Truth may be stranger than fiction, but feature films still need more than a "true story" disclaimer to navigate those tricky dramaturgical twists. Such is the case with this Velveeta slice of Midwest hokum, the strangely unconvincing story of hausfrau Evelyn Ryan (Moore), who won hundreds of jingle-writing contests in the '50s and '60s to single-handedly keep afloat her alcoholic husband and ten children.

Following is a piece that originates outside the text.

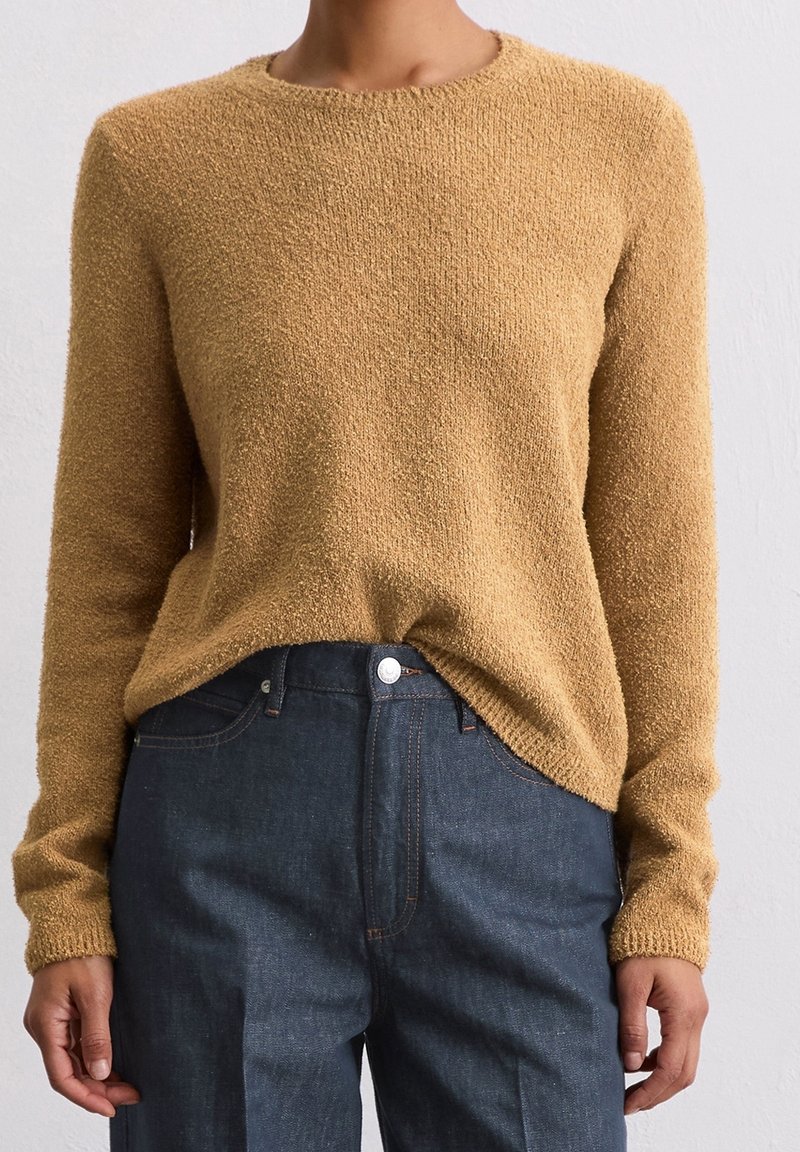 Mustard-colored knit sweater with a textured surface, round neckline, and long sleeves, paired with dark denim trousers.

Just as the debt collectors flag their bills and the bankers threaten to foreclose, Evelyn miraculously becomes the blessed recipient of enough cash and prizes to (barely) ease the family's financial straits. But drunkard dad Kelly (Harrelson, sporting a wiggy brown hairpiece) unleashes his macho rage every time his marketing-savvy wife emasculates him with another mother lode of corporate freebies.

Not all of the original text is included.